Register as a JAX FFI target and validate

The apply_rope wrapper introduces the argument-reordering pattern described above. Because the TVM function places q_rope and k_rope after the input tensors - rather than at the beginning - the wrapper receives them first (via 'rets') and must swap them back before calling the TVM function. The kernel also produces two output tensors, so jax.ffi.ffi_call receives a tuple of two ShapeDtypeStruct descriptors and returns a tuple of two JAX arrays. Because RoPE rotates each token independently, the operation decomposes cleanly over any outer batch dimension: vmap_method='broadcast_all' enables jax.vmap to map over it without any changes to the kernel.

The validation uses two sequences with different starting positions - sequence 0 begins at position 0 and sequence 1 at position 100 - simulating a prefill where the second sequence already has 100 tokens in the KV-cache. Each token is rotated by angles matching its absolute position, so the test exercises both the CSR indexing and the offset arithmetic.

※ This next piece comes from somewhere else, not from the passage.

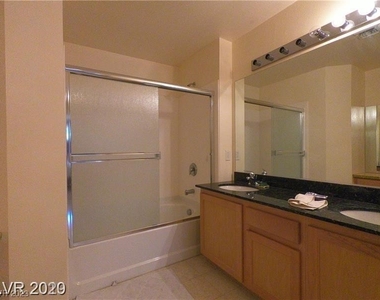 2823 Dawn Crossing Drive - Photo Thumbnail 9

– Register as a JAX FFI target ———————————————-

TVM function: apply_rope(q, k, q_rope, k_rope, indptr, offsets,

rotary_dim, interleave, rope_scale, rope_theta)

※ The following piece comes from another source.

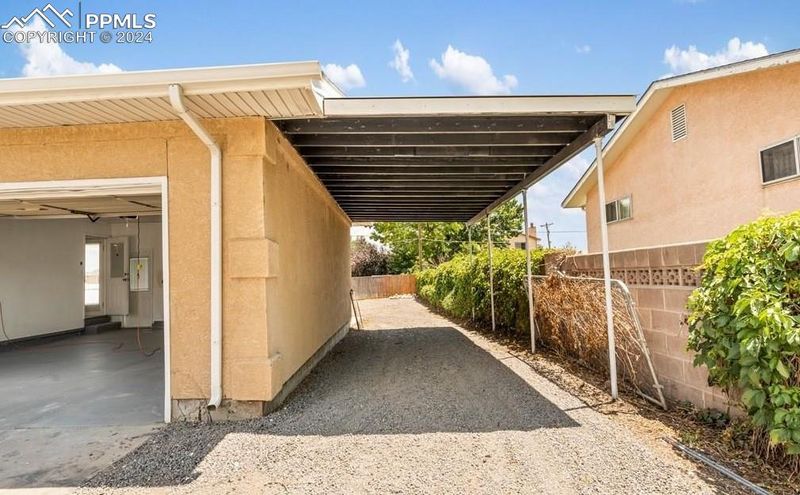 1292 20 1/2 Ln, Pueblo, CO 81006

JAX delivers: q_rope, k_rope first (rets), then q, k, indptr, offsets (args). TVM expects: q, k, q_rope, k_rope, indptr, offsets, … - the wrapper swaps them.

def _rope_wrapper(
    q_rope,
    k_rope,
    q,
    k,
    indptr,
    offsets,
    rotary_dim,
    interleave,
    rope_scale,
    rope_theta,
):
    rope_module.apply_rope(
        q,
        k,
        q_rope,
        k_rope,
        indptr,
        offsets,
        rotary_dim,
        interleave,
        rope_scale,
        rope_theta,
    )


jax_tvm_ffi.register_ffi_target(
    "flashinfer.apply_rope",
    _rope_wrapper,
    arg_spec=[
        "rets",
        "args",
        "attrs.rotary_dim",
        "attrs.interleave",
        "attrs.rope_scale",
        "attrs.rope_theta",
    ],
    platform="gpu",
    allow_cuda_graph=True,
    pass_owned_tensor=True,
)

# -- JAX-facing function -------------------------------------------------------


def apply_rope(q, k, indptr, offsets, *, rope_theta=1e4):
    """Apply rotary positional embeddings to packed query and key tensors.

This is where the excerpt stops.